* To do *
Copy, from the material below, each line where "what" shows up.

Listed records below:

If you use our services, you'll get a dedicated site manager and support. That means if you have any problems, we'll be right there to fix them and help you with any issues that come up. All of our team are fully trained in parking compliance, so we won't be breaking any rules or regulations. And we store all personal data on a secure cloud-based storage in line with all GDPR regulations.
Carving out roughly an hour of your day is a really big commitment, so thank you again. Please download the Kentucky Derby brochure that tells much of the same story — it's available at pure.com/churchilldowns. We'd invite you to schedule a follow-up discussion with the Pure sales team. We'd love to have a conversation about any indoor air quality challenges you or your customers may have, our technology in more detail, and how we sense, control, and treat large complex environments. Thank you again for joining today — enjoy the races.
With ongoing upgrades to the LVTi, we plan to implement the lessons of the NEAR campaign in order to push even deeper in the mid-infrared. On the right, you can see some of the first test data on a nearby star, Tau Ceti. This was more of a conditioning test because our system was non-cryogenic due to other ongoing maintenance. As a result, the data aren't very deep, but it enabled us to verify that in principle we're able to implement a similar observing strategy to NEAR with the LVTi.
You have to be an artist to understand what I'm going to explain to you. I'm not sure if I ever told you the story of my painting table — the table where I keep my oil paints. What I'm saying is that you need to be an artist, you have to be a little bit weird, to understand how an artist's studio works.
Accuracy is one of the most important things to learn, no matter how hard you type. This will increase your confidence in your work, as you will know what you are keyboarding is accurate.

End of Listed records.

* Solution below *
You have to be an artist to understand what I'm going to explain to you. I'm not sure if I ever told you the story of my painting table — the table where I keep my oil paints. What I'm saying is that you need to be an artist, you have to be a little bit weird, to understand how an artist's studio works.
Accuracy is one of the most important things to learn, no matter how hard you type. This will increase your confidence in your work, as you will know what you are keyboarding is accurate.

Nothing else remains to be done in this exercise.